• DATASET SECTION:

....

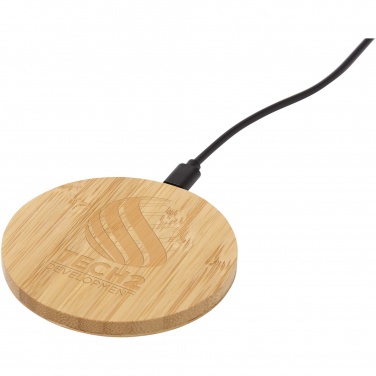 Logotrade advertising product image of: Essence 15W bamboo wireless charging pad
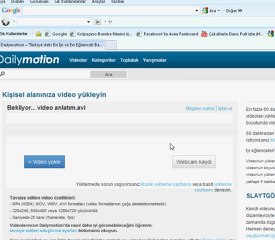 video yükleme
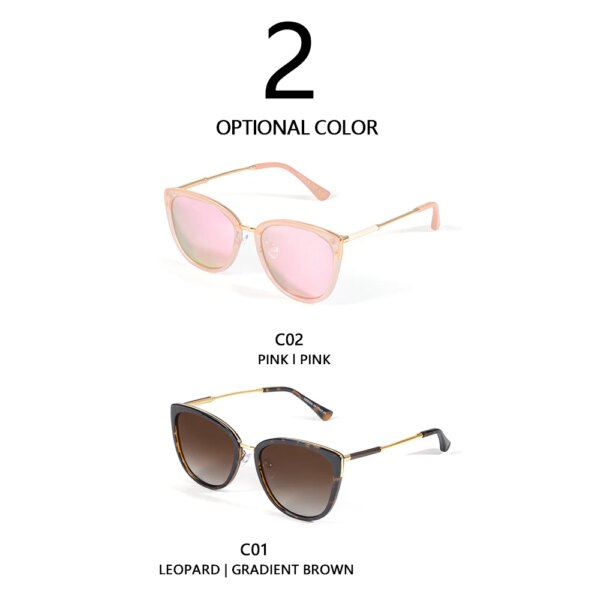 AOFLY Fashionable Oversized Cat Eye Sunglasses for Women - Image 3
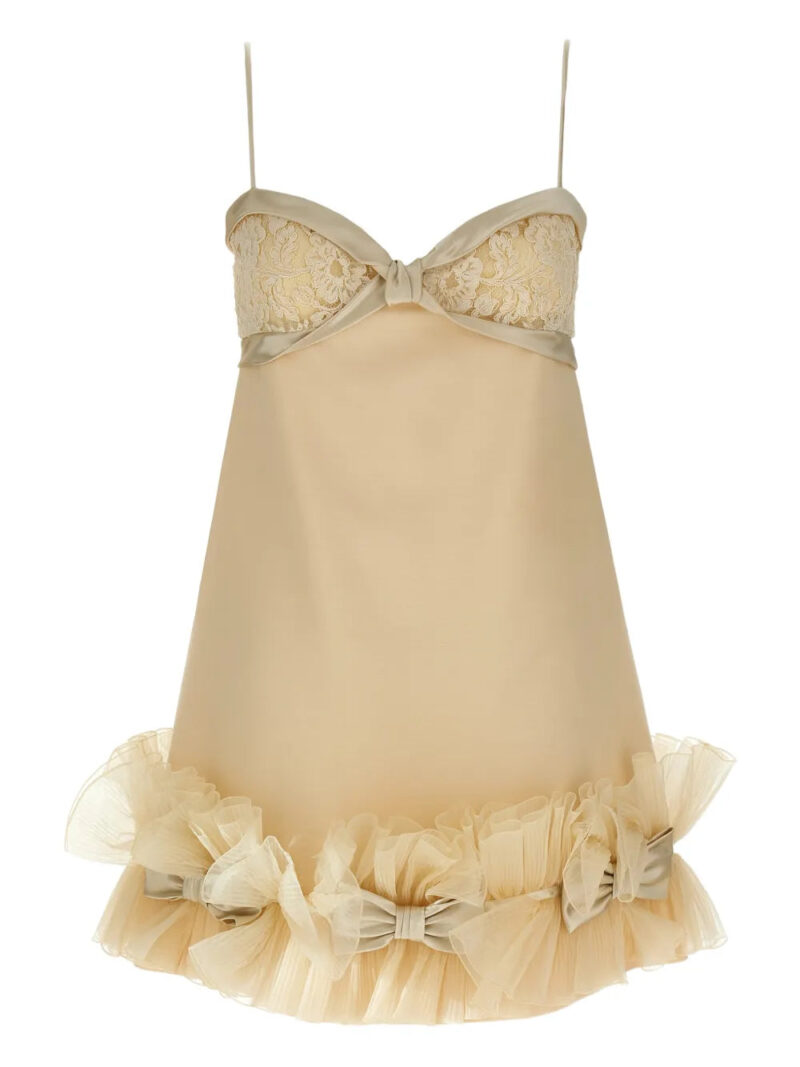 Valentino Garavani  bow-detail sleeveless mini dress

....

Leave the pictures out and output the rest of the listing exactly.

 Logotrade advertising product image of: Essence 15W bamboo wireless charging pad
 video yükleme
 AOFLY Fashionable Oversized Cat Eye Sunglasses for Women - Image 3
 Valentino Garavani  bow-detail sleeveless mini dress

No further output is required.